### [INSTRUCTIONS FOR THE TASK]
Repetition must be exact and must stop with the line bearing "Розетка одинарная с/з". It begins at the first line of the records and includes no pictures.

════

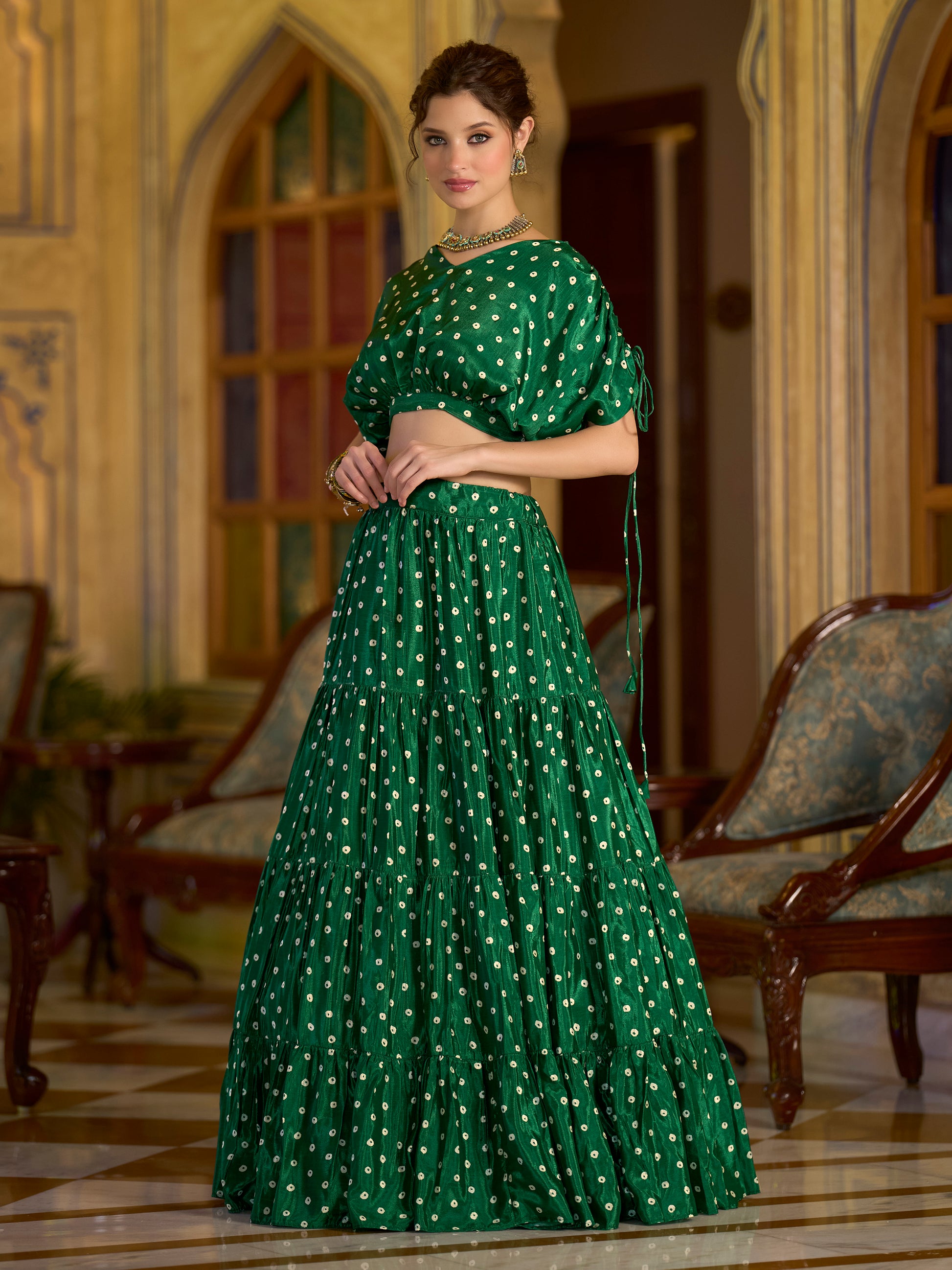 Women's Green Chinon Lehengas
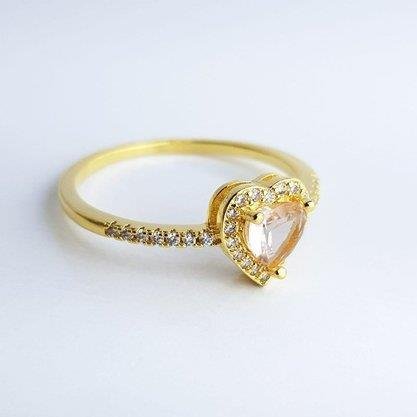 ANEL PEDRA CORACAO CHAMPAGNE BORDA/ ARO | BANHADO EM OURO18K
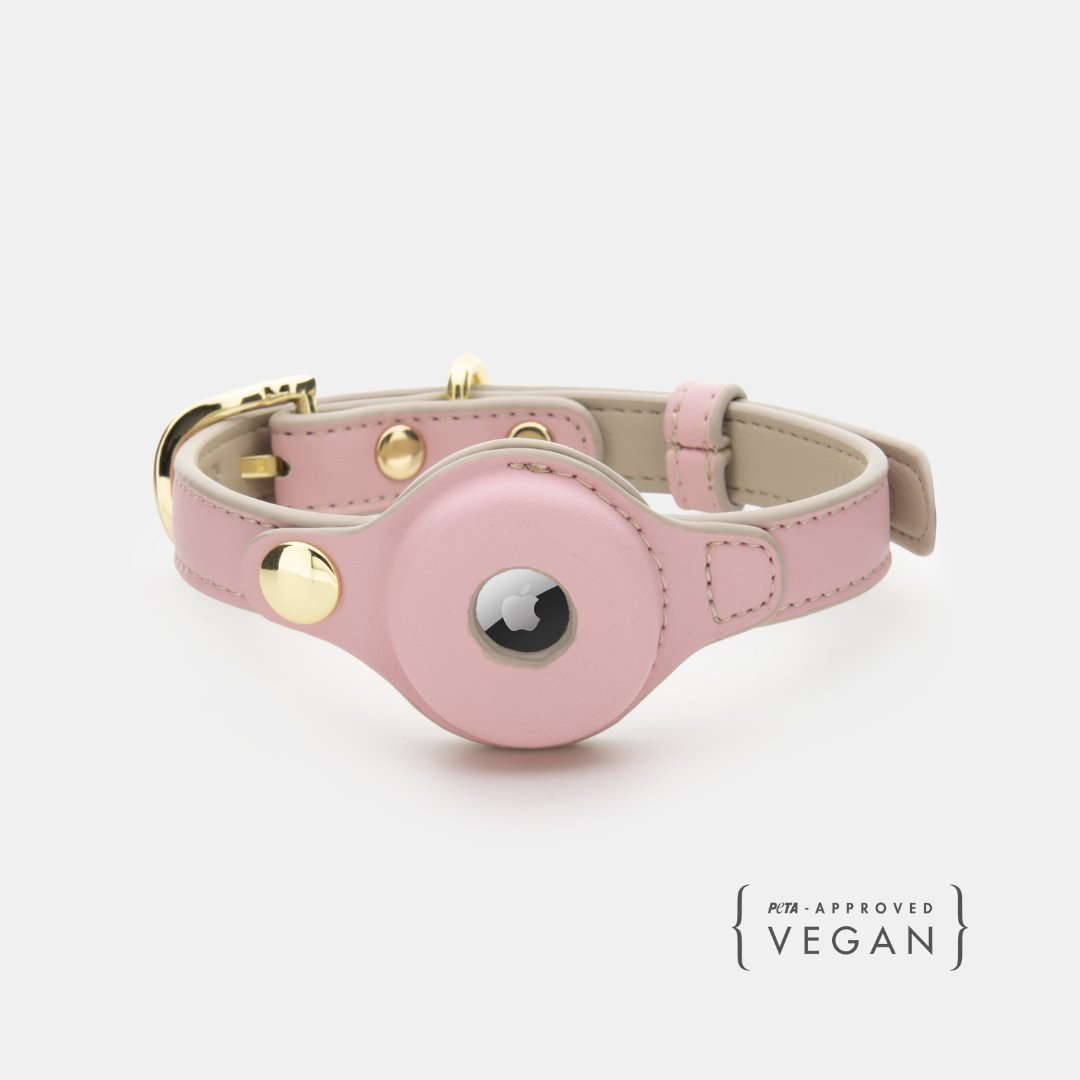 Light pink vegan leather dog collar with AirTag holder and gold-tone hardware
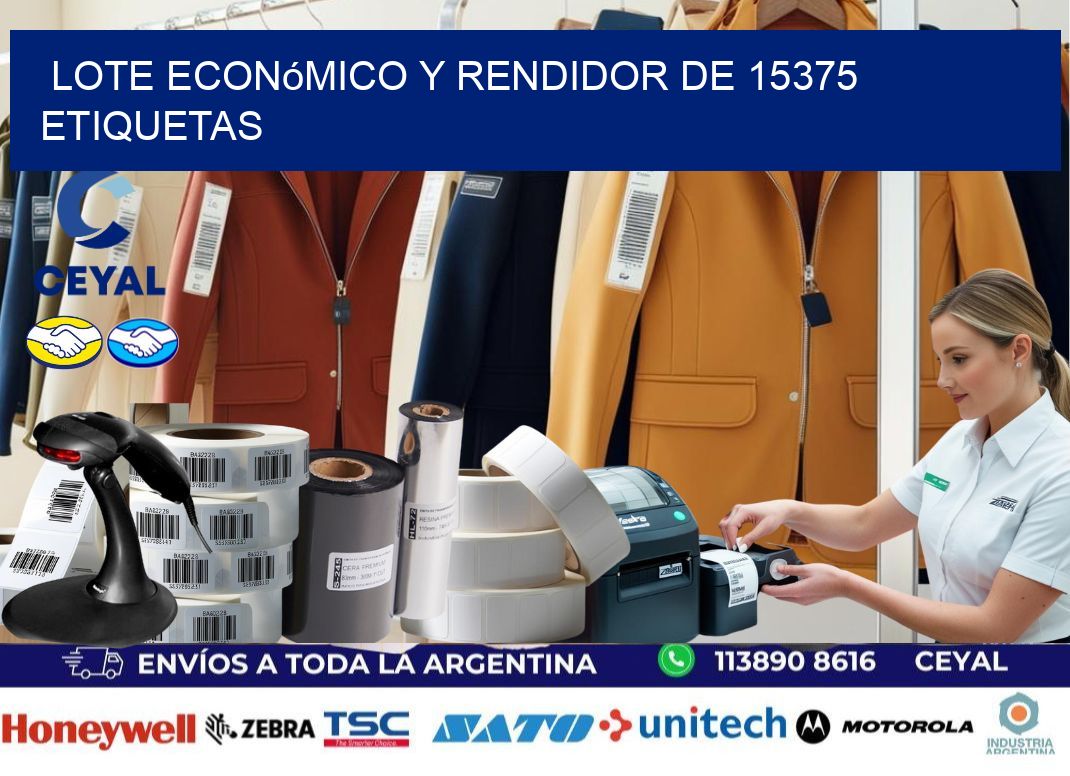 Lote económico y rendidor de 15375 etiquetas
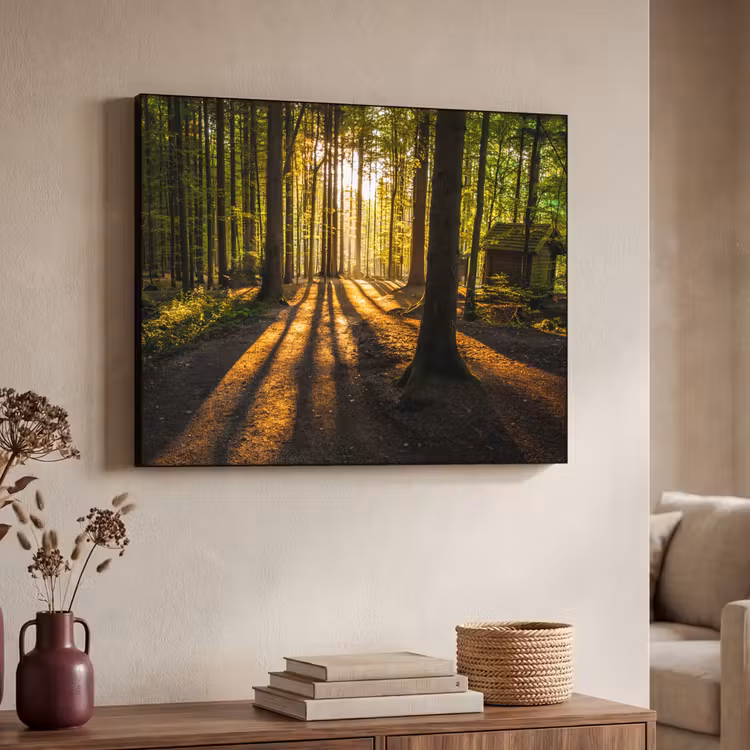 Zon - Bomen - Bos - Landschap - Natuur Textielframe zwart klein -sfeer3
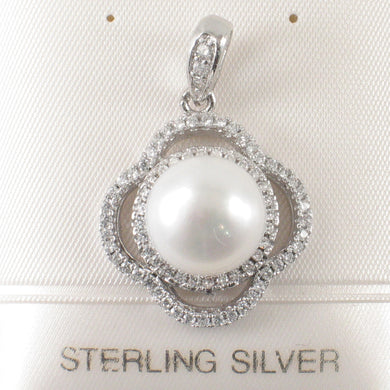 Sterling Silver 925 White Pearl & CZ Pendant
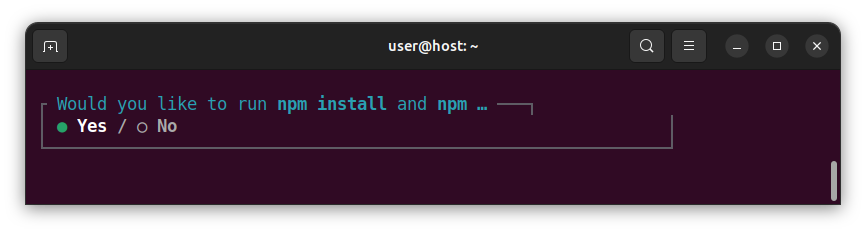 Laravel installation dialog - run npm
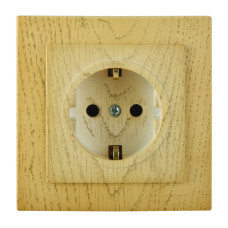 Розетка одинарная с/з NILSON Touran клен 24281017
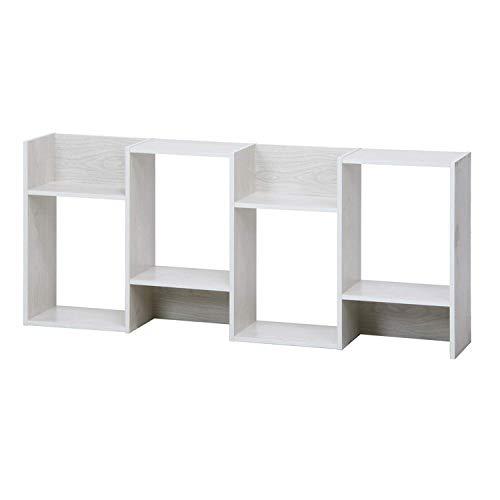 不二貿易 オープンラック シェルフ 4段 幅59×奥行24×高さ141cm ホワイトウォッシュ ディスプレイラック S型 組立商品 98715 |  | 03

════

### [OUTPUT BELOW]
 Women's Green Chinon Lehengas
 ANEL PEDRA CORACAO CHAMPAGNE BORDA/ ARO | BANHADO EM OURO18K
 Light pink vegan leather dog collar with AirTag holder and gold-tone hardware
 Lote económico y rendidor de 15375 etiquetas
 Zon - Bomen - Bos - Landschap - Natuur Textielframe zwart klein -sfeer3
 Sterling Silver 925 White Pearl & CZ Pendant
 Laravel installation dialog - run npm
 Розетка одинарная с/з NILSON Touran клен 24281017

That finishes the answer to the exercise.